Start of Material shown
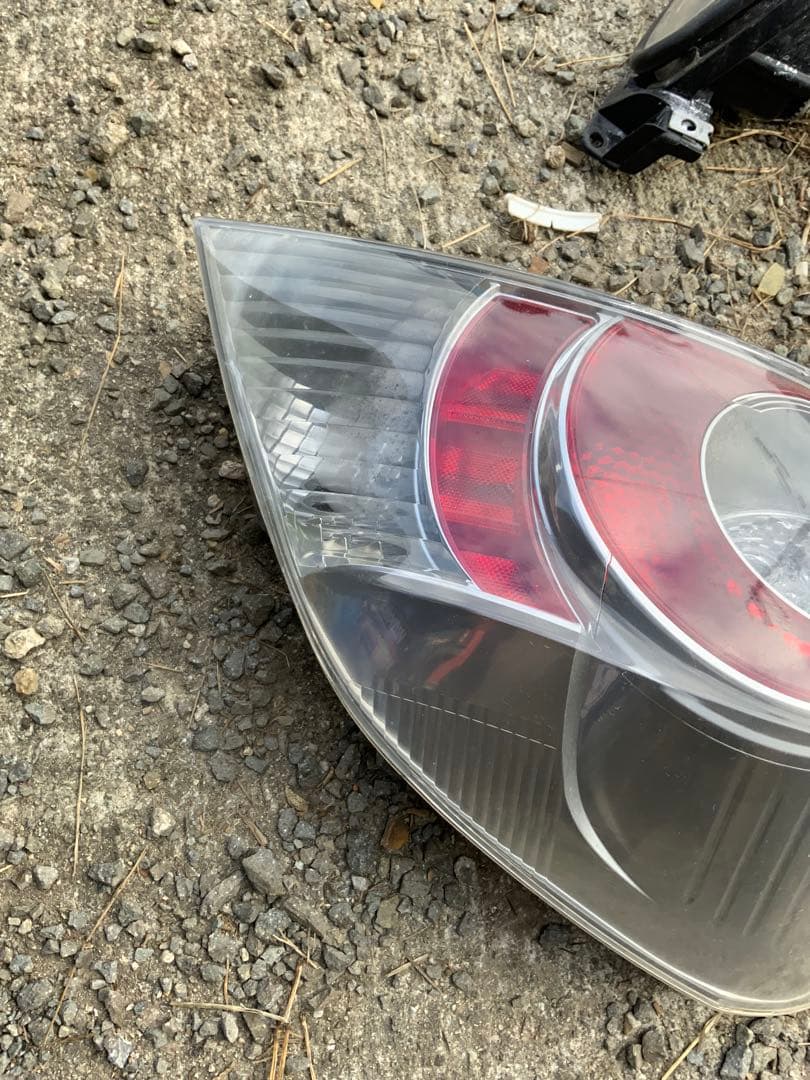 割れ無し　アクア NHP10 右テールランプ STANLEY 52-252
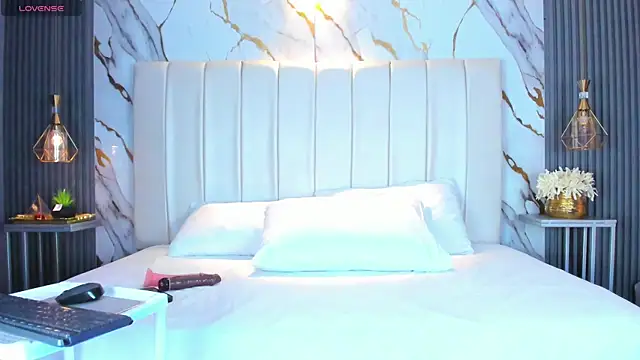 AariaLove online show from 11-21-25, 05:00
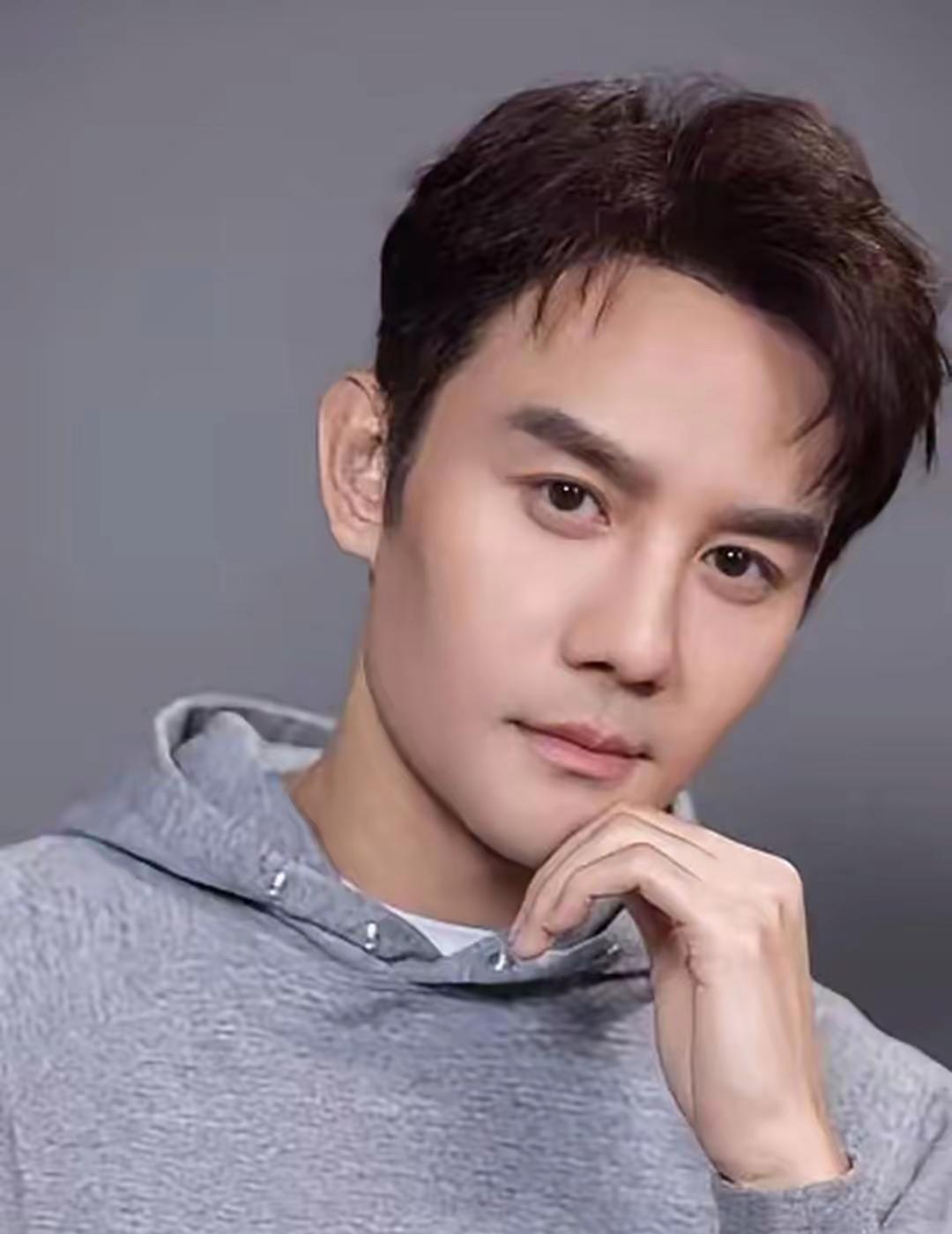 王凯看淡婚姻：不把结婚当成人生必答题。不少人感慨王凯大概率很难结婚，并非年纪问题
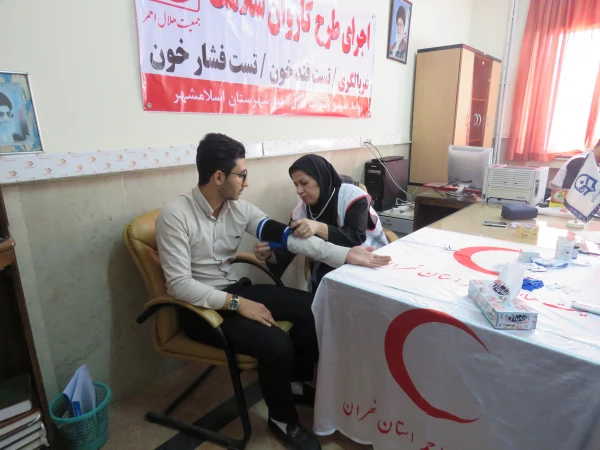 تست غربالگری فشار خون و قند خون 8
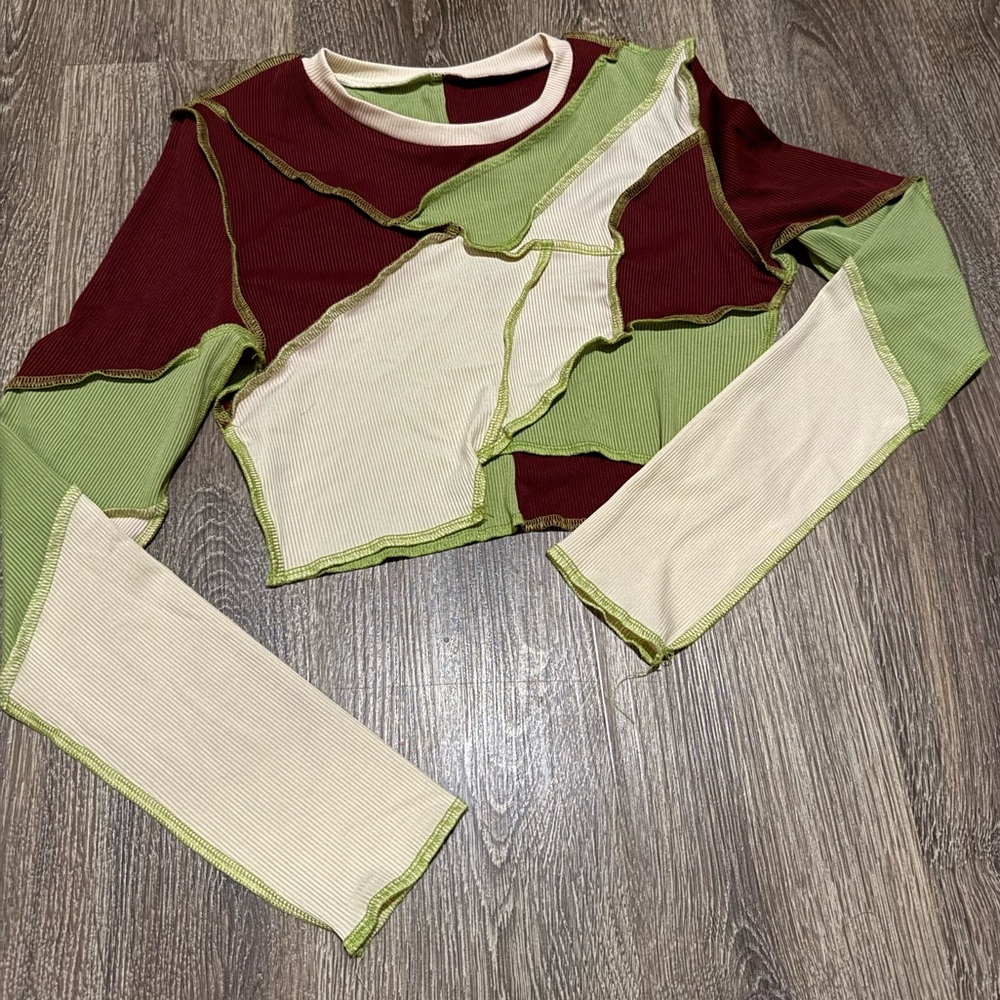 Colorblock Long Sleeve Crop Top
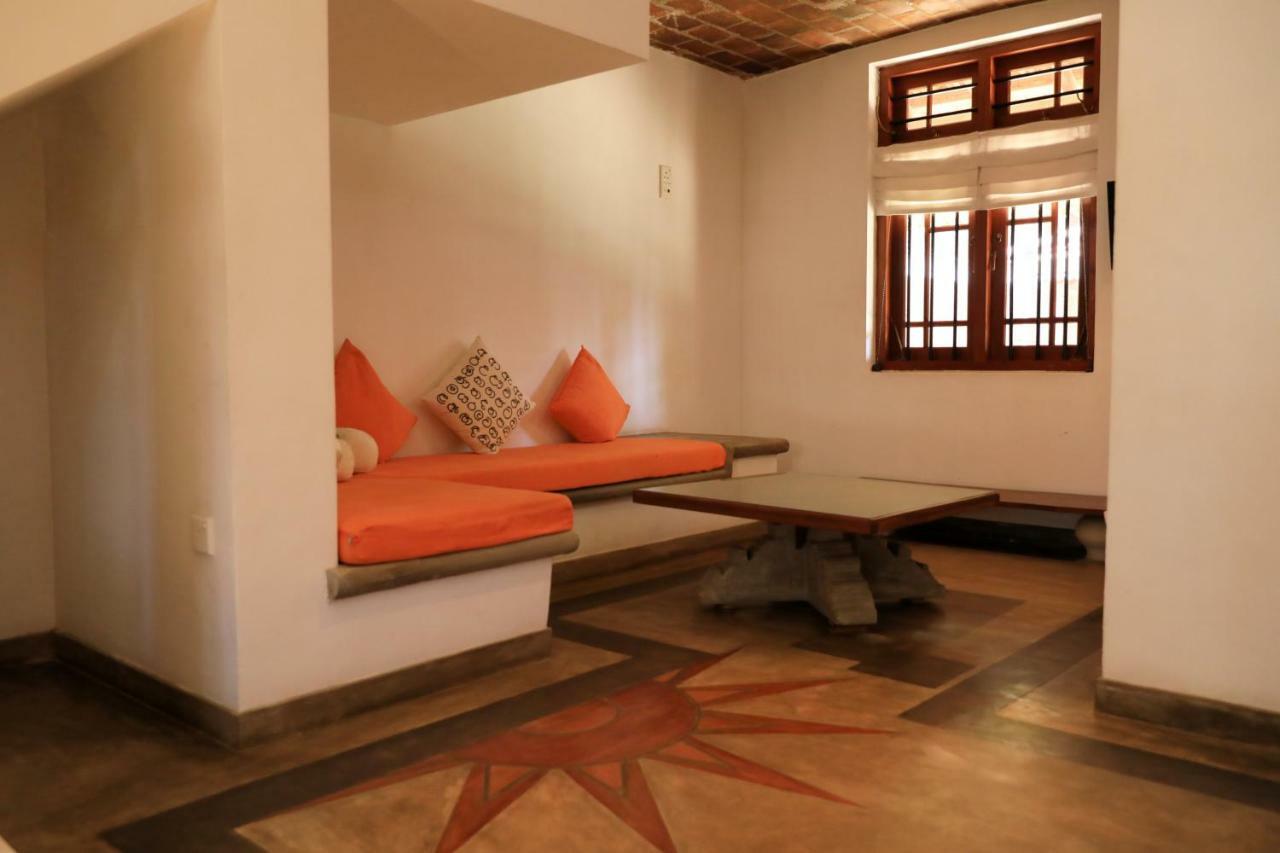 Araliya Negombo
End of Material shown
- Task statement: None of the pictures should appear, though every line of the data above must be reproduced exactly.

- Problem solution:
 割れ無し　アクア NHP10 右テールランプ STANLEY 52-252
 AariaLove online show from 11-21-25, 05:00
 王凯看淡婚姻：不把结婚当成人生必答题。不少人感慨王凯大概率很难结婚，并非年纪问题
 تست غربالگری فشار خون و قند خون 8
 Colorblock Long Sleeve Crop Top
 Araliya Negombo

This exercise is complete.